*** MATERIAL FOR THIS EXERCISE ***
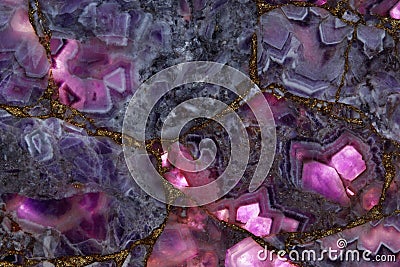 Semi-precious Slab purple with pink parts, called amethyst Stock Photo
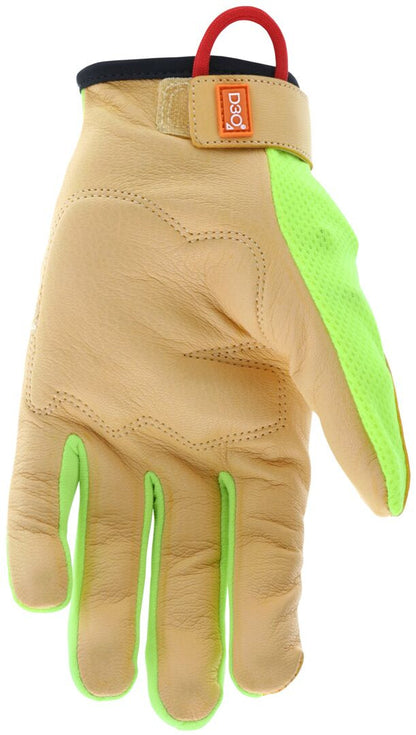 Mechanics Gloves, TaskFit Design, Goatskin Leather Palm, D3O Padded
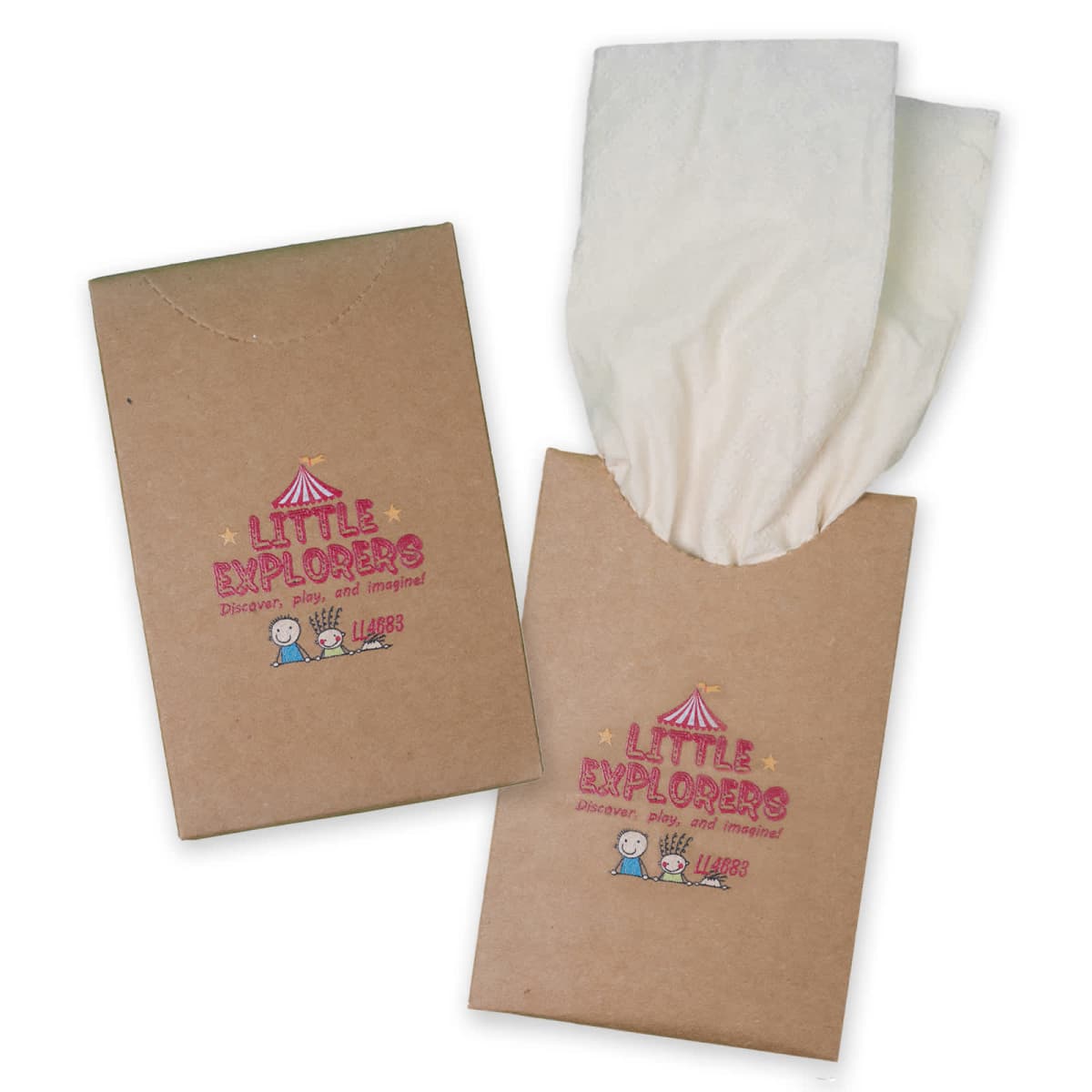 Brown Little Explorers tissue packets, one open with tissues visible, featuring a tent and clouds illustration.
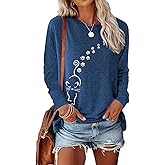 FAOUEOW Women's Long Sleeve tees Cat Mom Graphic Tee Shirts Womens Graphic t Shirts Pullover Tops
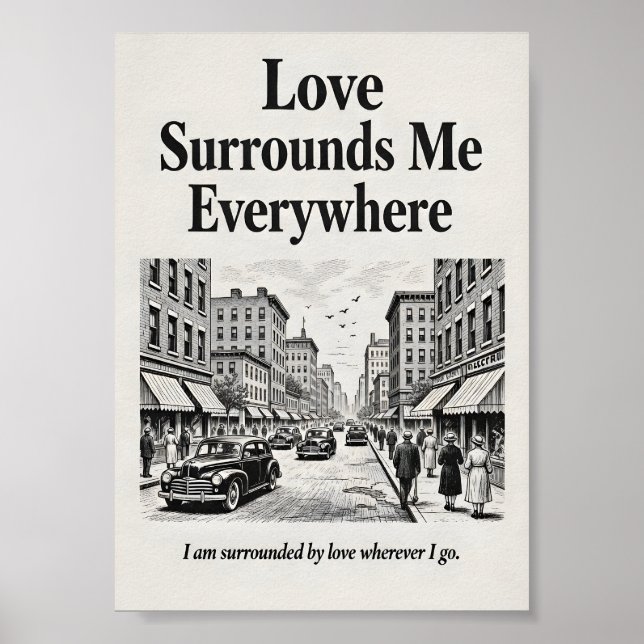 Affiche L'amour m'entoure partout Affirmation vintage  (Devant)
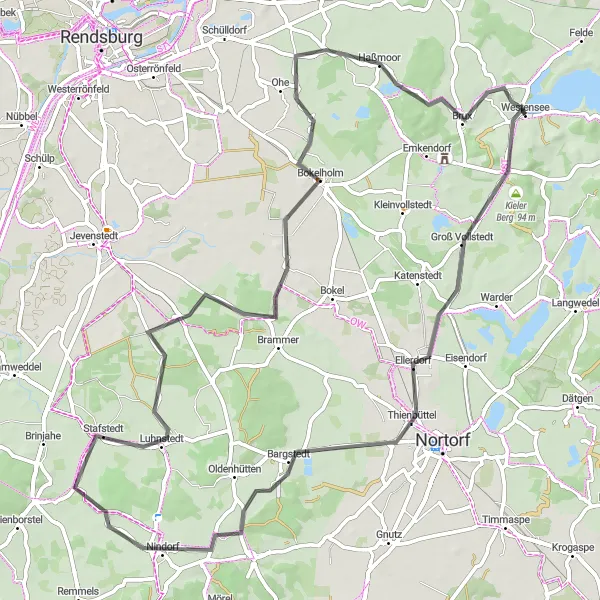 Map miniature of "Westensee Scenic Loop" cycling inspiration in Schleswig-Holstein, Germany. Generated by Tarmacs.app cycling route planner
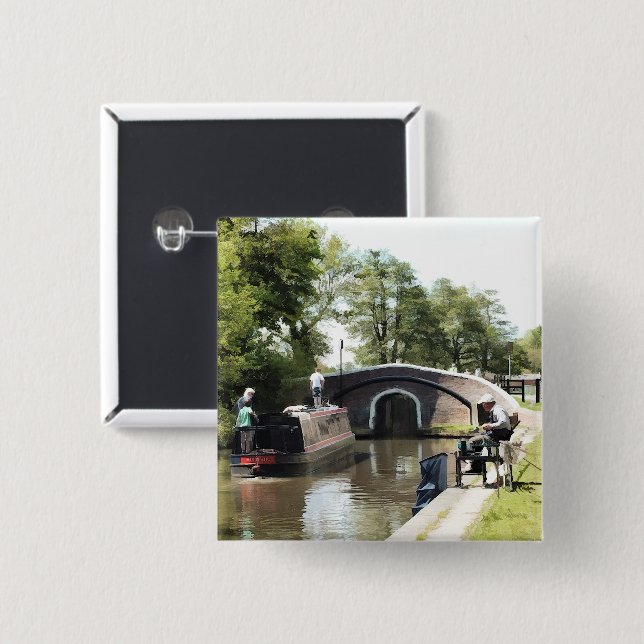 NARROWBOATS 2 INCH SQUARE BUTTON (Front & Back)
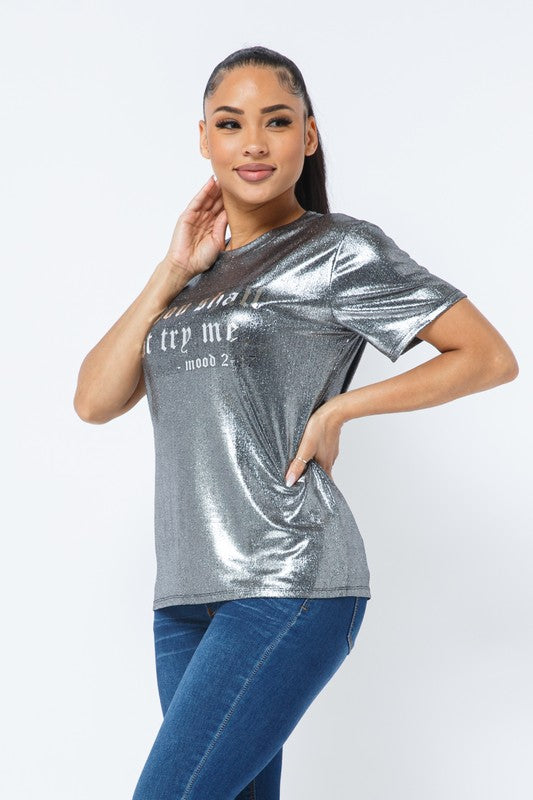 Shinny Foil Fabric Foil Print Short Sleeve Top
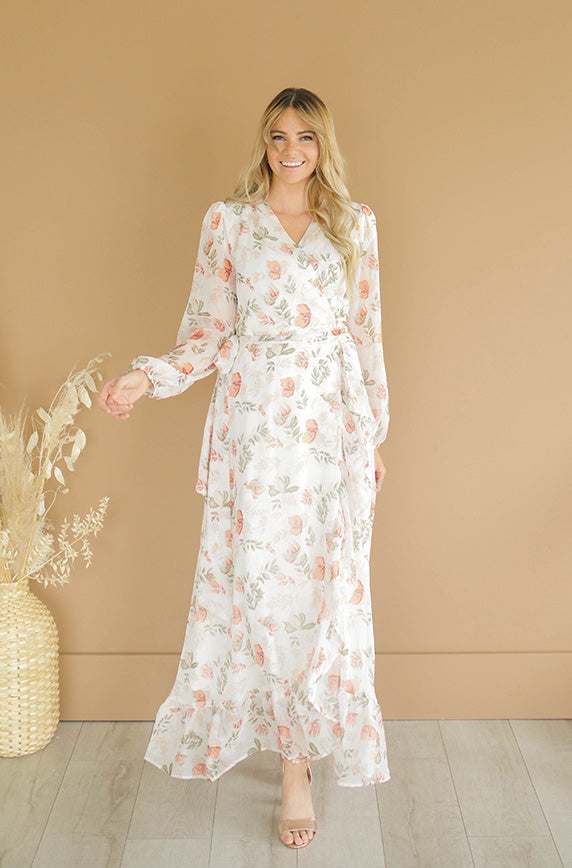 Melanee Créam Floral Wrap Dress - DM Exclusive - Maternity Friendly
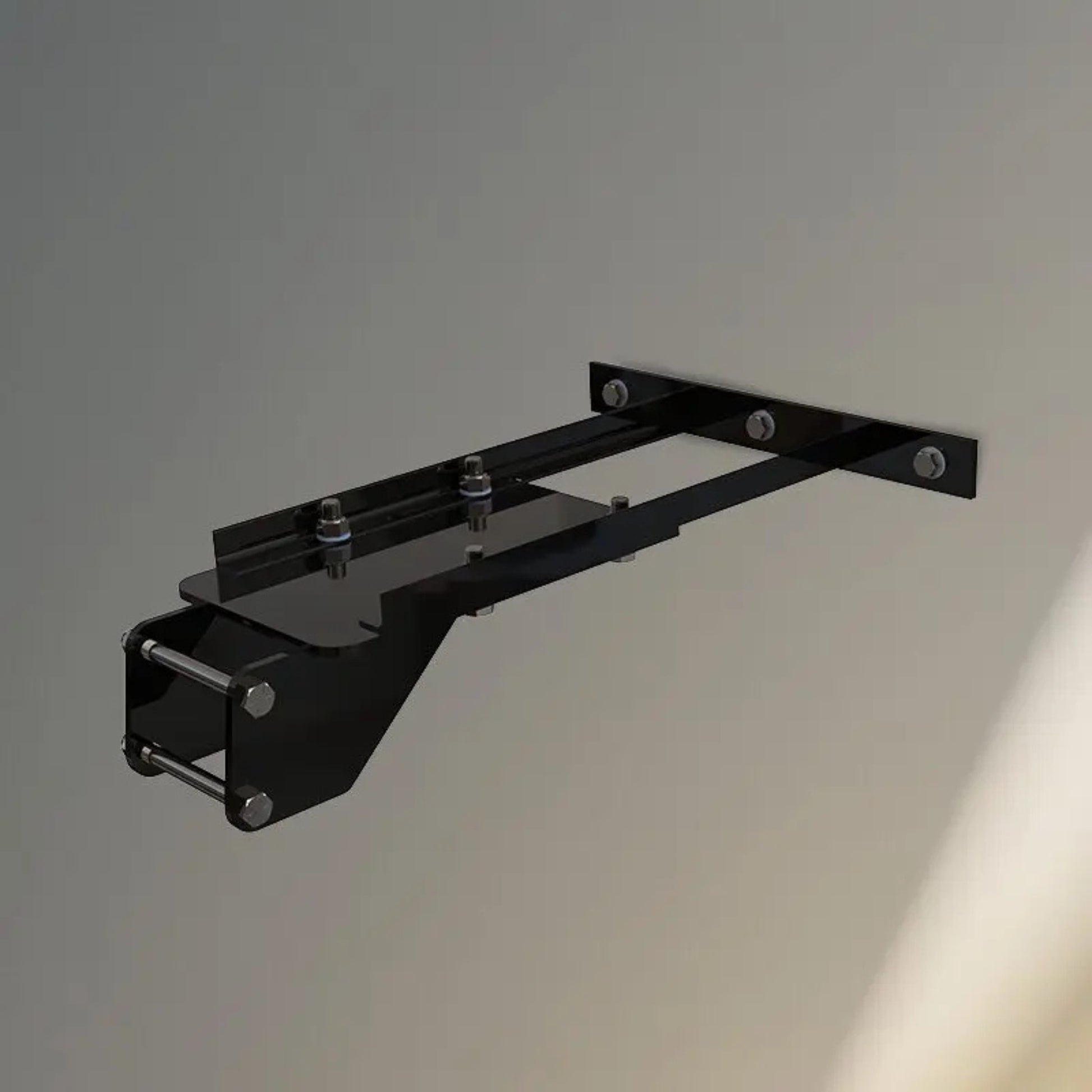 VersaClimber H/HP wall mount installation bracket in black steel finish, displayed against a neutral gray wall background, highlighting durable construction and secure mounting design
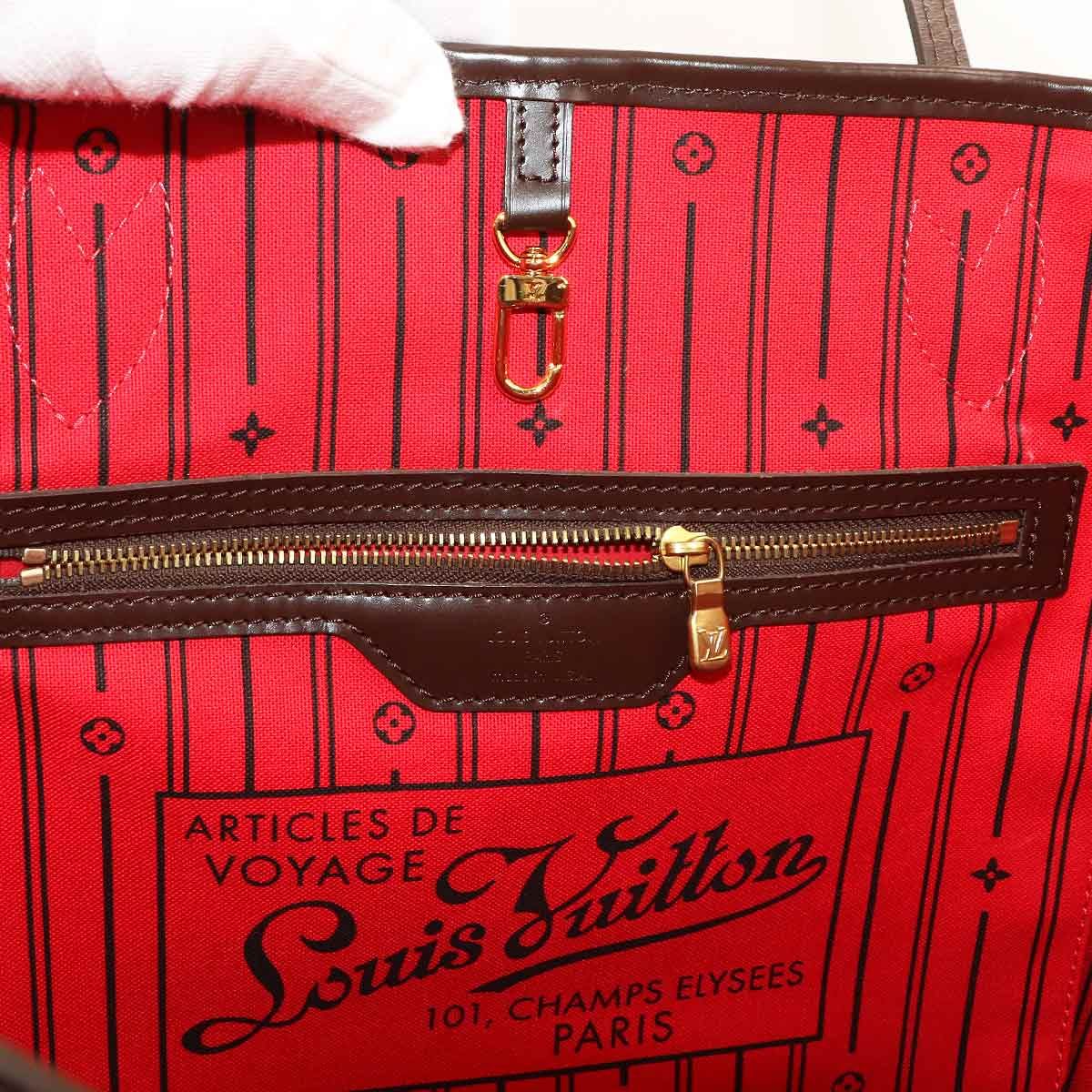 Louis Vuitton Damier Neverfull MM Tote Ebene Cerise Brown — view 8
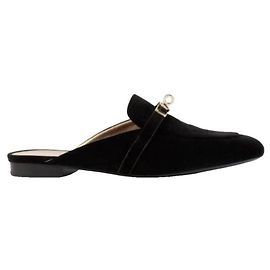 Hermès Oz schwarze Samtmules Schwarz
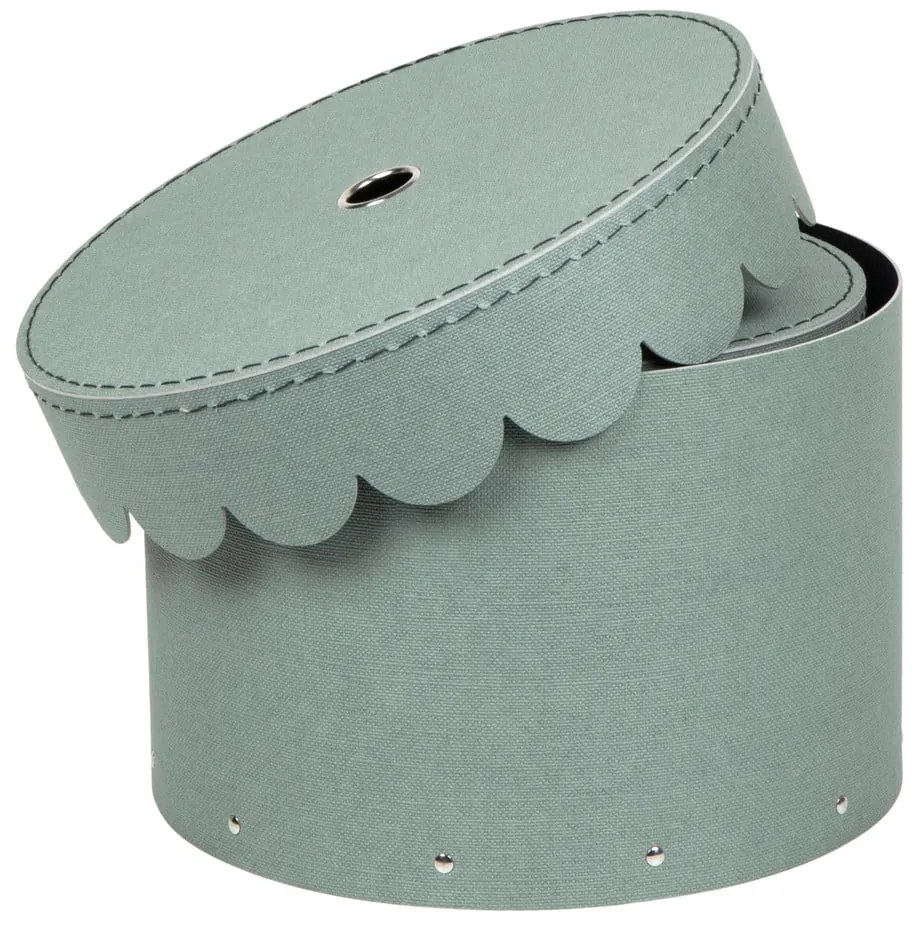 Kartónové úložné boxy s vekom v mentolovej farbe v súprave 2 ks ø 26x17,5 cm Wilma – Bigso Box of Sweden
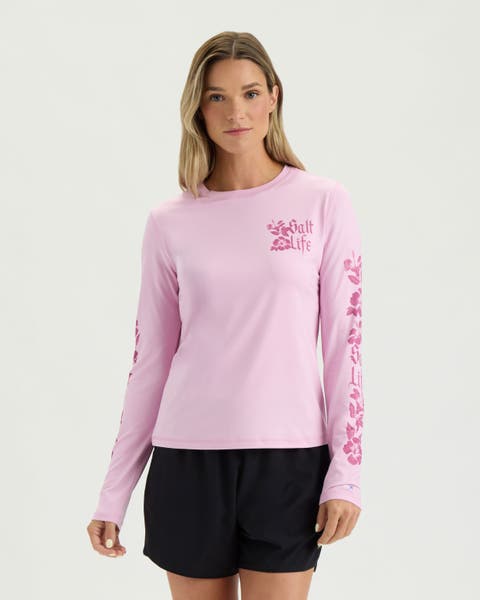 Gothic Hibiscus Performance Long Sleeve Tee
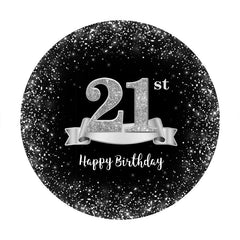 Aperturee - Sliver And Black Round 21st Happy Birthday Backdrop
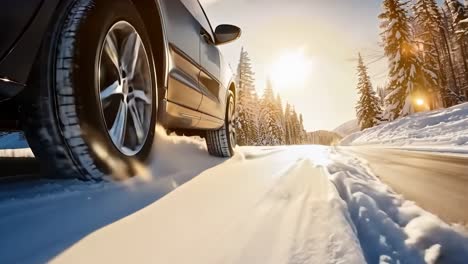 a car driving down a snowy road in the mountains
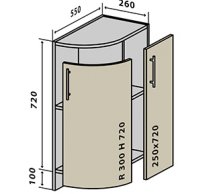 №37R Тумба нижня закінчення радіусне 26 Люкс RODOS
*** End of MATERIAL FOR THIS EXERCISE ***
• [WORK REQUIRED]:
Your answer must be exactly the lines from the one containing "Gothic Hibiscus Performance Long Sleeve Tee" through the last line of the records above, both included, with every picture left out.

• [ANSWER TO THE PROBLEM]:
 Gothic Hibiscus Performance Long Sleeve Tee
 Aperturee - Sliver And Black Round 21st Happy Birthday Backdrop
 a car driving down a snowy road in the mountains
 №37R Тумба нижня закінчення радіусне 26 Люкс RODOS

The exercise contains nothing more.